_Exercise_: Set down every record below exactly as written, but leave out the pictures.

_Data for processing_:
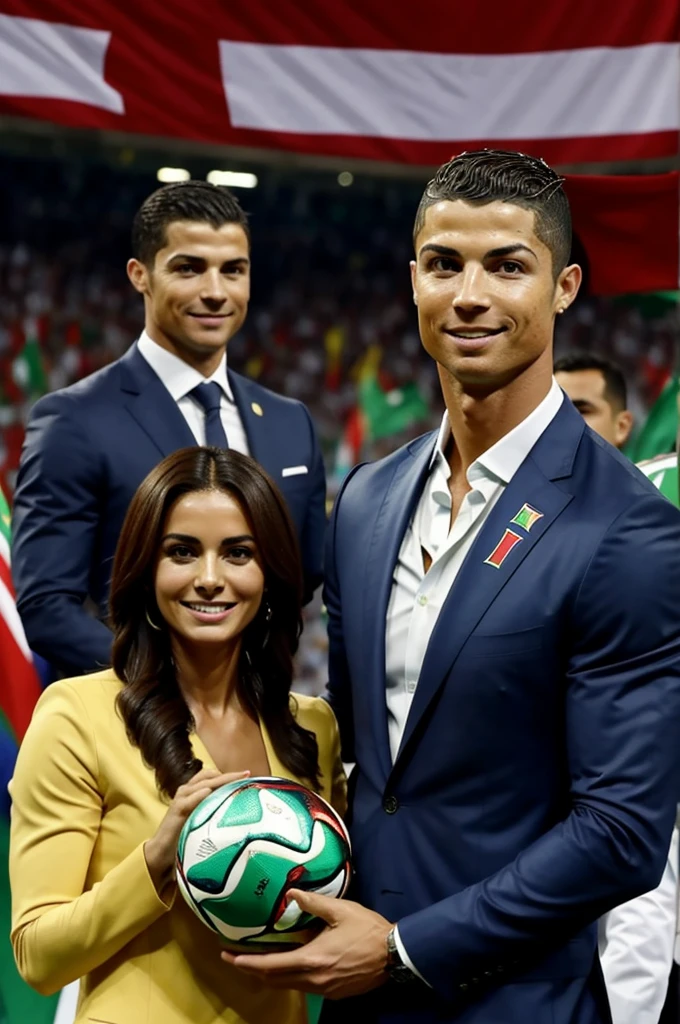 Cristiano Ronaldo holds the World Cup with the Portugal national team at Misr Stadium in the New Administrative Capital, with Sisi next to him, smiling and applauding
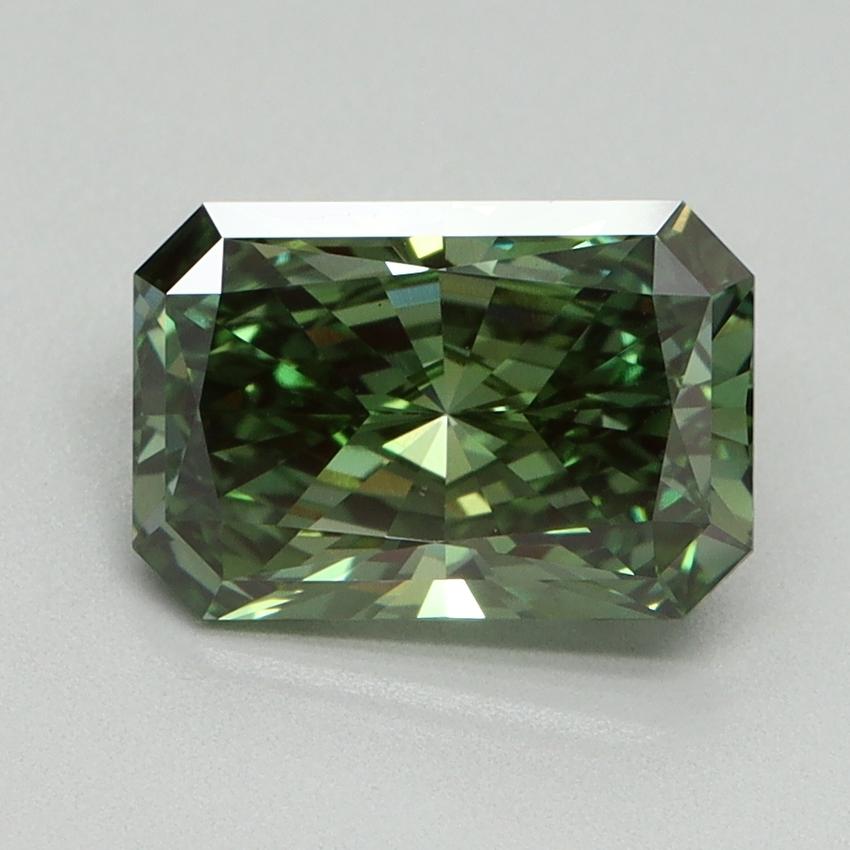 2.01 Ct. Fancy Vivid Green Radiant Lab Grown Diamond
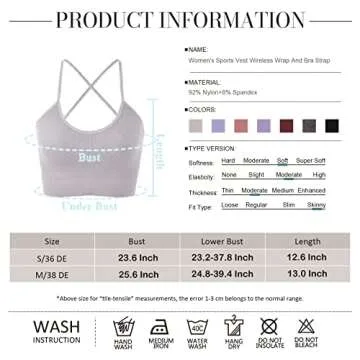Vertvie Women's Strappy Sports Bra Criss Cross Back Padded Wireless Gym Bra Sexy Workout Yoga Bra Longline Tank Tops Bra(White,Medium)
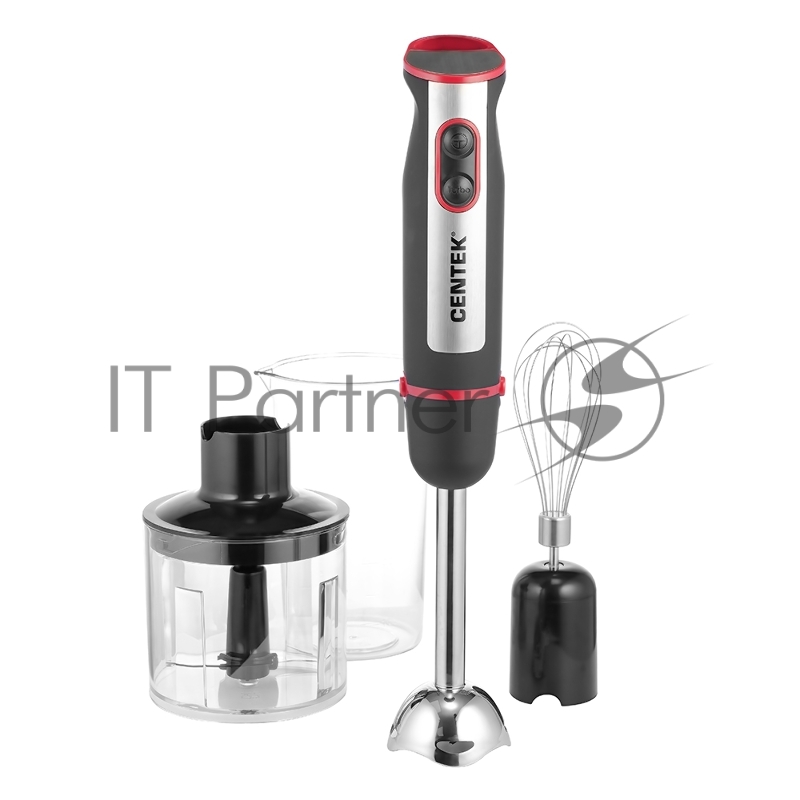 Блендер Centek CT-1319 (черный) 1000Вт, НАСАДКА СТАЛЬ, стакан 700мл, чоппер 500 мл, венчик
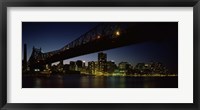 Framed Queensboro Bridge Over East River, Manhattan (night)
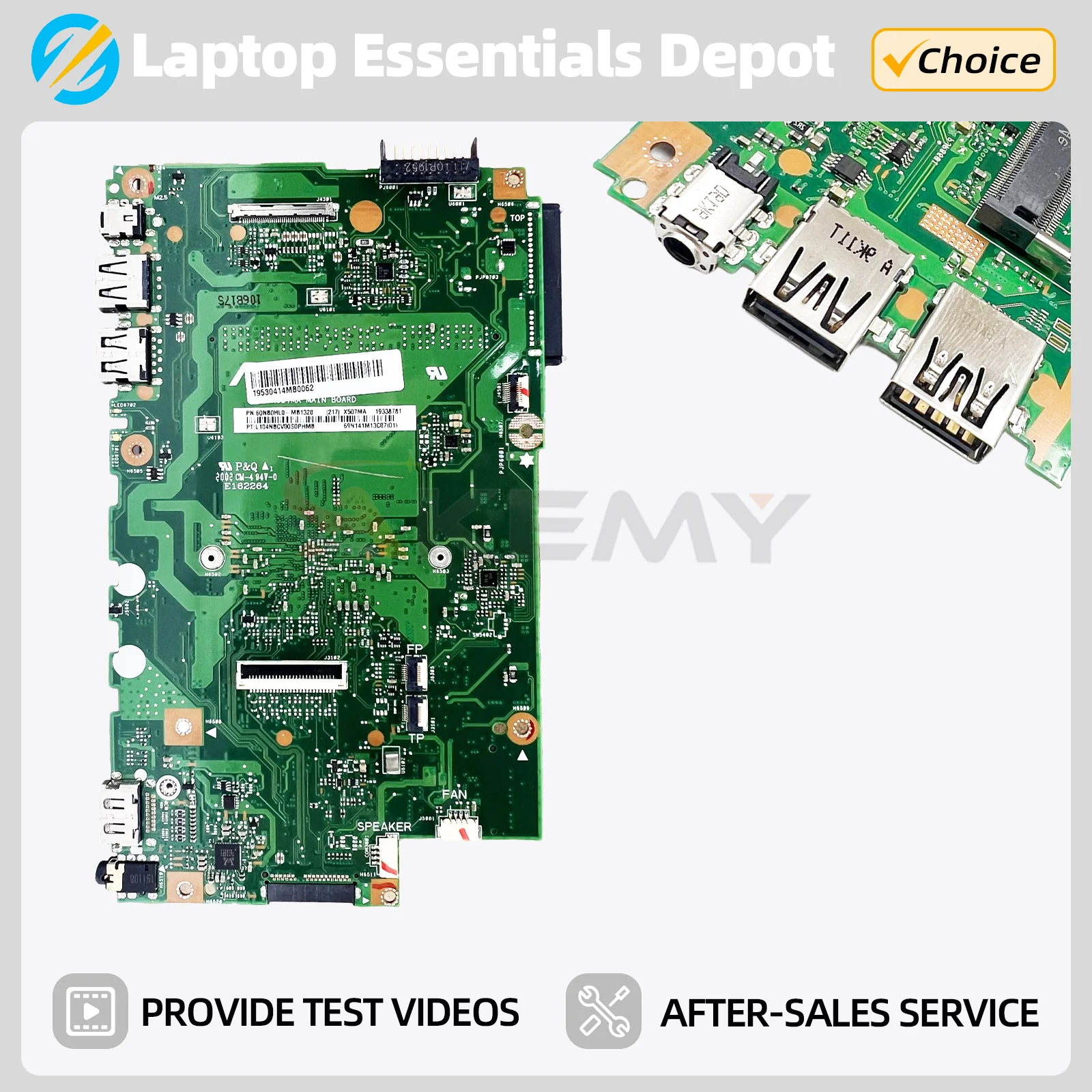Placa base para ordenador portátil X507MA para ASUS X507MA X507M X507 F507 X507LA X507L con Pentium N5000 N4000 i3 i5-5th prueba de 100%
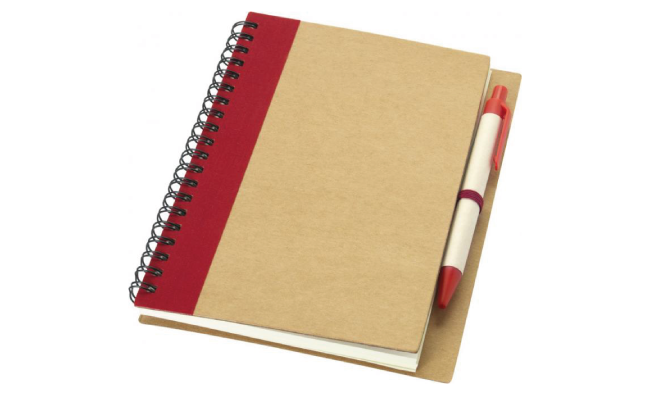 Recycled notebook with pen (Red)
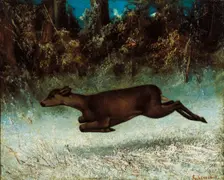 Doe Leaping 19th century. Artist: Gustave Courbet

_Answer box_:
 Cristiano Ronaldo holds the World Cup with the Portugal national team at Misr Stadium in the New Administrative Capital, with Sisi next to him, smiling and applauding
 2.01 Ct. Fancy Vivid Green Radiant Lab Grown Diamond
Vertvie Women's Strappy Sports Bra Criss Cross Back Padded Wireless Gym Bra Sexy Workout Yoga Bra Longline Tank Tops Bra(White,Medium)
 Блендер Centek CT-1319 (черный) 1000Вт, НАСАДКА СТАЛЬ, стакан 700мл, чоппер 500 мл, венчик
 Framed Queensboro Bridge Over East River, Manhattan (night)
Placa base para ordenador portátil X507MA para ASUS X507MA X507M X507 F507 X507LA X507L con Pentium N5000 N4000 i3 i5-5th prueba de 100%
 Recycled notebook with pen (Red)
 Doe Leaping 19th century. Artist: Gustave Courbet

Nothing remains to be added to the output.